İnsan psikolojisinin gelişimini zaman açısından ele alırsak geçmişe ve geleceğe endeksli iki insan tipinin karşımıza çıktığını görürüz. Bizim insan tipimiz, maalesef geleceğe odaklı olmaktan ziyade geçmişe bakan yetiştirme tarzının bir ürünüdür.
Geçmişe bakan insanın duyguları, düşünceleri, , davranışları ve tutumları da geçmişe tezahür ettiren yansımalardan başka bir şey değldirler. Geçmişe bakan insan, geçmişin olup bitmis, çok uzaklara ait belirsiz bir hatıradan başka bir sey olduğunu kabul etmez. Onun için en büyük erdem, geçmisi devam ettirmektir. Geçmişin şu anda yaşatılması, onun hayatının en büyük değeri ve amacıdır.

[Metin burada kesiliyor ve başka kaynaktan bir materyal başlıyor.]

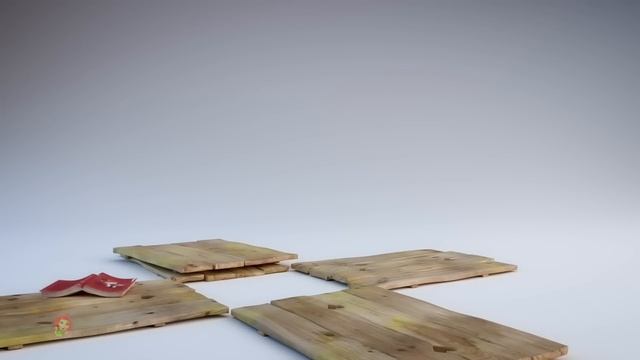 Счастливого Рождества Rattic Смешные эпизоды и мультики видео для детей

TARİH VE KUTSALLIK DENKLEMİ
Tarih, geçmişe endeksli biri için insan tecrubesini anlamlandırma ve değerlendirme çabası olmaktan ziyade yaşatılması gereken bir kutsaldır. Başka bir ifade ile o, kutsalın tecrübesini tarihi tecrübe etmekle özdeşleştirir. Tarih ve kutsal aynı şeylerdir. Tarih ve kutsalı bütünleştirmeyi, tarih bilincinin bir gereği olarak yüceltir ve savunur.

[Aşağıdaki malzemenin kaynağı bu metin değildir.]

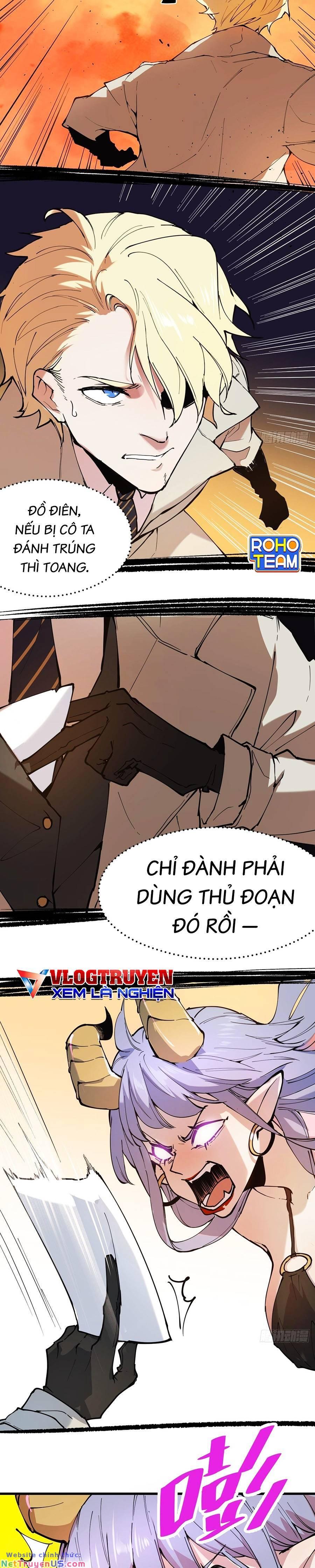 anh hùng mạnh nhất lịch sử chuyển sinh và vô tình trở nên vô dịch ở học viện chapter 2 11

Hayatı ve insanı konuşmaya, maalesef tarihi ve geçmişi konuşmaya ve tartışmaya düşkün olduğumuz gibi düşkün değiliz. Tarihi konuşmuyoruz. Aslında tarihteki hayatı yaşamak istiyoruz.

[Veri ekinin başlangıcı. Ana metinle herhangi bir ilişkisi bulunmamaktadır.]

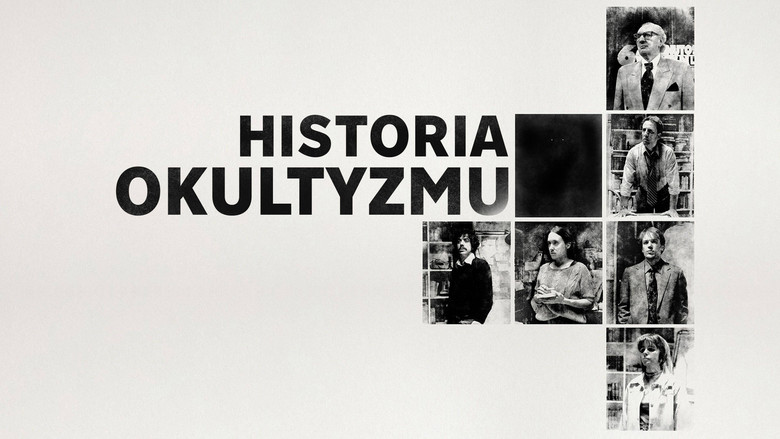 кадр из фильма Historia de lo oculto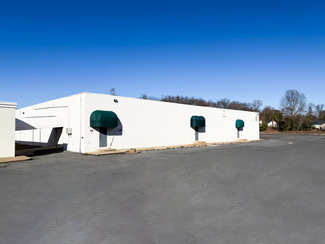 More details for 109 N Black Horse Pike, Blackwood, NJ - Industrial for Lease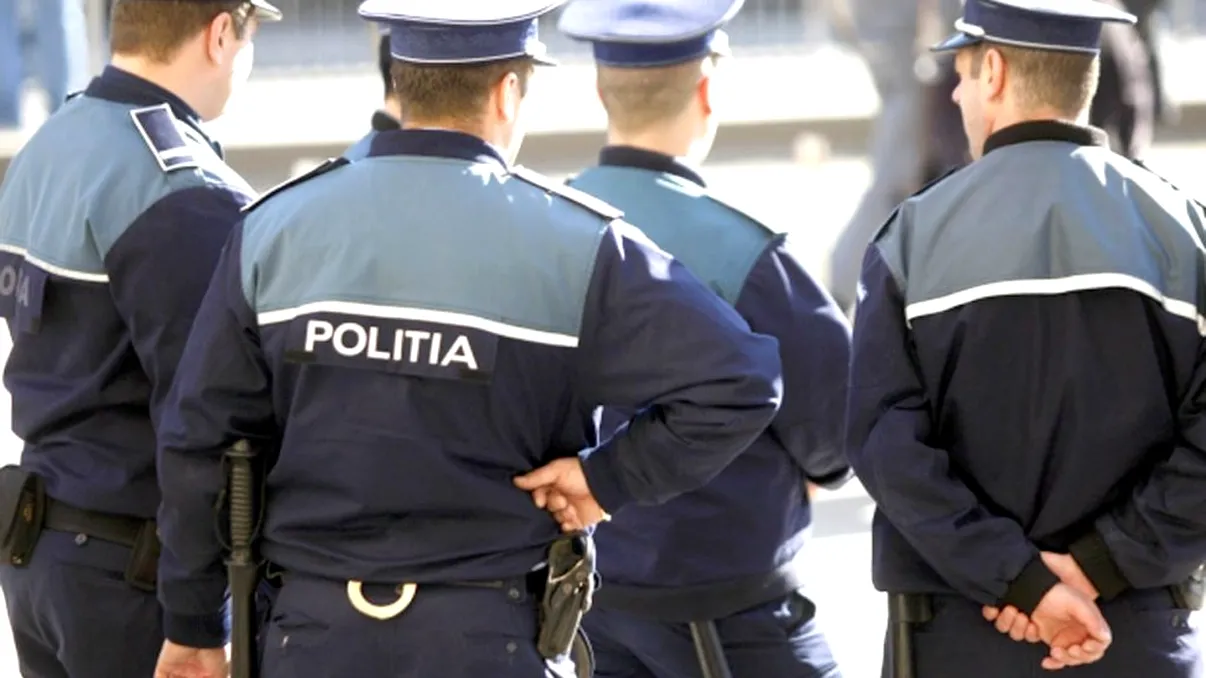 Harta zonelor cu șefi de poliție fără pregătire profesională. “Lista nu se oprește aici”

Hep tarih konuşan ve tartışan bir toplum olduk. Daha doğrusu tarihi konuşmayı başaramıyoruz. Tarihi konuşmak yerine tarihe abartılı ve aşkın değerler atfetme konusunda birbirimizle sonu gelmez bir yarış içerisindeyiz.
Tarihe dair her seyi, hemen sonu gelmez tartışmalar yapmaya musait hale getiriyoruz. ‘Mustafa’, ‘Hür Adam’ ve ‘Muhtesem Yüzyıl’ dizi ve filmlerine dair yaptığımız tartışmalar, aslında ne kadar kendi resmi tarihimizin konforunda yaşsamaya düşkün olduğumuzu ortaya koymaktadır. Kendi resmi tarihlerimizin dışındaki tasavvurlar ortaya çıktığında konforumuzun bozulduğunu ve rahatsız olduğumuzu fark ediyoruz. Başka bir ifade ile bizi resmi tarihlerimiz provoke etmekte ve kışkırtmaktadır. Tarihin provokatif bir gücü olması, aslında bir türlu atlatamadığımız çocukluk hastalığııin bütün duygu, düşünce ve davranış dünyamıza sindiğini göstermektedir.
TARİHLE BARIŞMANIN YOLU
Psikolojik açıdan olgunlaşmış bireyler, hayatlarını bir çocuk olarak yaşayanlar değil, çocukluklarını arkada bırakarak yeni hayatlar kurabilenlerdir. Çocukluğun konforu bizi çocuksu bıruktığı gibi, kendi resmi tarihlerimizin konforuda hayatı, bugünü ve yarını kaçırmamıza neden olmaktadır. Olgun insanlar tarihi bugün yaşama çabasında değildirler ya da tarihin konforlu odalarına kendilerini haspetmekle hayatlarını ve kendilerini tüketmezler. Onlar tarihi günümüzde yaşamak yerine, zamanın insanı olma iddiasındadırlar. Zamanı inşa etmek hepimizin önündeki en büyük meydan okumadır. Zamanı inşa etmek gibi ağır ve çetin bir meydan okuma karşısında ürken, korkan ve kaçan bizler tarihe sığınan çocuklar olmamalıyız. Zamanı inşa etme şeklindeki büyük meydan okumaya olgunlukla ve derinlikli karşılıklar vermeliyiz. Tarihin konforlu odalarından çıkıp bugünün rahatsız edici dünyasıyla yüzleşme cesareti gösterenler, duygu, düşünce ve davranış düzeyinde rahatsız olma pahasına özgürce ve tutkuyla bugüne ve yarına, yani insana ve hayata sarılanlar zamanın inşa edicileri olabilirler. Tarihin tutsaklığından kurtulmanın yolu, rahatsız olma pahasına bugünu yaşayarak olgunlaşmaktır.